Extracted data entries:

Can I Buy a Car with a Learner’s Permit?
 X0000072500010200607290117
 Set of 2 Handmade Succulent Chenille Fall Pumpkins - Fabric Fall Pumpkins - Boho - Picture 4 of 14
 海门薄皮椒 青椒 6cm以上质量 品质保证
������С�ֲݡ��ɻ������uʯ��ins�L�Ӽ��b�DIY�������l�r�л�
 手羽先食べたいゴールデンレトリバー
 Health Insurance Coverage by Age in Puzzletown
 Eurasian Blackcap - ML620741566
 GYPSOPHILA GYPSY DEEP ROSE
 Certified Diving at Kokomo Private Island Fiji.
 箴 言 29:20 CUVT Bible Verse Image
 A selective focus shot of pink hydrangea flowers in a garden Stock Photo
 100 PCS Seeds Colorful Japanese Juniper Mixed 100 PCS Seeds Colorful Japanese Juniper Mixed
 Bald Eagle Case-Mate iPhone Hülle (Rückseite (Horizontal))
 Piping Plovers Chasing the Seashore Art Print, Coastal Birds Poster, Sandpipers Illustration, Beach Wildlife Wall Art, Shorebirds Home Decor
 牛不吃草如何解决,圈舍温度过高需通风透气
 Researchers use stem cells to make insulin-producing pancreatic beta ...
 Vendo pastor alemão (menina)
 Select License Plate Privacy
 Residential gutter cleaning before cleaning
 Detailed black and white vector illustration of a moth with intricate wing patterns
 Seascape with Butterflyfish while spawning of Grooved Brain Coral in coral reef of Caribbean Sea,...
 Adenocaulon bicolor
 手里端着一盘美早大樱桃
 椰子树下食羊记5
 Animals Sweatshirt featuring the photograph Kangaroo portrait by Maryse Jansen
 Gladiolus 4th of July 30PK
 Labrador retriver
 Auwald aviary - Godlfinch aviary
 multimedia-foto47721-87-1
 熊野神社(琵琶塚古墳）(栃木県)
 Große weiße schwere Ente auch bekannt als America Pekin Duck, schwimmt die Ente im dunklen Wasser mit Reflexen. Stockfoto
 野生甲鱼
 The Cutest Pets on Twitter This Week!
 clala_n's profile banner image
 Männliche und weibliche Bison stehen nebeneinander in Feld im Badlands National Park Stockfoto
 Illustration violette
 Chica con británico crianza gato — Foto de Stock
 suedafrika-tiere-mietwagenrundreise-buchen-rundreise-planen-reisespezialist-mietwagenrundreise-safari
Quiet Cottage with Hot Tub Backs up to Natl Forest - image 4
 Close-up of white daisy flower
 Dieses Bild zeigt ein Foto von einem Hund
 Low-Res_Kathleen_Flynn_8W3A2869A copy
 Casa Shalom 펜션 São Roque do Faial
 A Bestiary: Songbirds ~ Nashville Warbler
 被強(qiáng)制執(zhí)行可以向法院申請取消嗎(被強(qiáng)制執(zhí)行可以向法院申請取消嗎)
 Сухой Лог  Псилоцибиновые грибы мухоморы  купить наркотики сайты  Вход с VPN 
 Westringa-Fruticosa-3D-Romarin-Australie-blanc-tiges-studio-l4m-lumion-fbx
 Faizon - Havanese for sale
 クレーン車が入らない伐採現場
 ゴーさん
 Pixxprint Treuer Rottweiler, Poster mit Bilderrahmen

• PROBLEM DESCRIPTION
The answer should be the exact lines running from the line containing "Auwald aviary - Godlfinch aviary" to the last line of the entries, with nothing else.

• COMPLETED TASK
 Auwald aviary - Godlfinch aviary
 multimedia-foto47721-87-1
 熊野神社(琵琶塚古墳）(栃木県)
 Große weiße schwere Ente auch bekannt als America Pekin Duck, schwimmt die Ente im dunklen Wasser mit Reflexen. Stockfoto
 野生甲鱼
 The Cutest Pets on Twitter This Week!
 clala_n's profile banner image
 Männliche und weibliche Bison stehen nebeneinander in Feld im Badlands National Park Stockfoto
 Illustration violette
 Chica con británico crianza gato — Foto de Stock
 suedafrika-tiere-mietwagenrundreise-buchen-rundreise-planen-reisespezialist-mietwagenrundreise-safari
Quiet Cottage with Hot Tub Backs up to Natl Forest - image 4
 Close-up of white daisy flower
 Dieses Bild zeigt ein Foto von einem Hund
 Low-Res_Kathleen_Flynn_8W3A2869A copy
 Casa Shalom 펜션 São Roque do Faial
 A Bestiary: Songbirds ~ Nashville Warbler
 被強(qiáng)制執(zhí)行可以向法院申請取消嗎(被強(qiáng)制執(zhí)行可以向法院申請取消嗎)
 Сухой Лог  Псилоцибиновые грибы мухоморы  купить наркотики сайты  Вход с VPN 
 Westringa-Fruticosa-3D-Romarin-Australie-blanc-tiges-studio-l4m-lumion-fbx
 Faizon - Havanese for sale
 クレーン車が入らない伐採現場
 ゴーさん
 Pixxprint Treuer Rottweiler, Poster mit Bilderrahmen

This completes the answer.